Last September, 15 players on the Spanish national women’s soccer team stated that they would prefer not to play at the FIFA Women’s World Cup, or any SWNT game, unless the Royal Spanish Football Federation, or RFEF, properly investigated concerns regarding the training methods and actions of head coach Jorge Vilda that players have claimed created an environment of stress and anxiety.
While three of the members of the original boycott have since accepted spots on the World Cup roster since then, the ongoing absence of other senior members of the team goes beyond concerns about Spain’s ability to compete in the World Cup and points to a larger issue in the sport when it comes to addressing misconduct allegations.

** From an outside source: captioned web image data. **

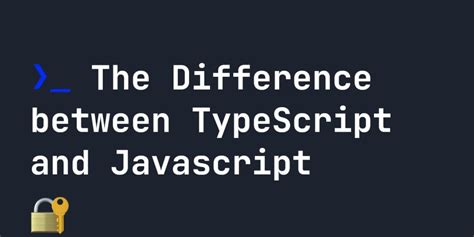 Difference Between JavaScript and TypeScript 的图像结果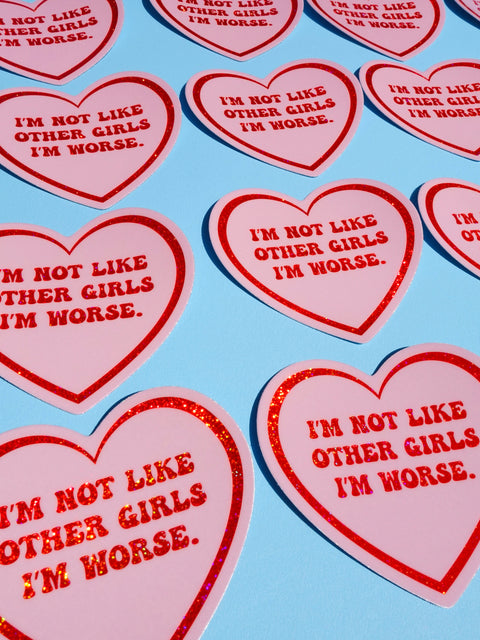 I'm Not Like Other Girls I'm Worse Sticker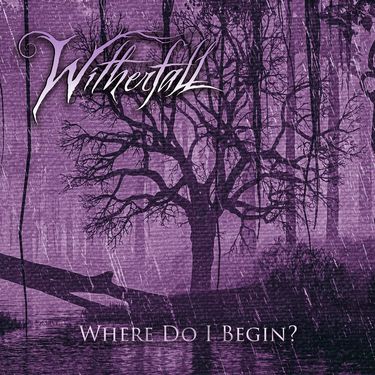 Witherfall - Where Do I Begin?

FC Barcelona and Spanish national players Mapi Leon, Patri Guijarro and Sandra Panos are absent from the roster due to the boycott. The loss of Panos, who won UEFA goalkeeper of the season in 2021, opens up a gap in Spain’s defense that even Putellas and Bonmati may not be able to fill. With midfielder Guijarro and defender Leon also absent, Spain is coming into this year’s tournament with a weakened team and in the midst of a colossal crisis.
The long-standing boycott began when 15 players emailed RFEF to announce their desire to not be on the roster for the World Cup due to concerns about their health after training under Vilda. The players noted that they were not asking for Vilda to be fired, but for their complaints to be taken seriously.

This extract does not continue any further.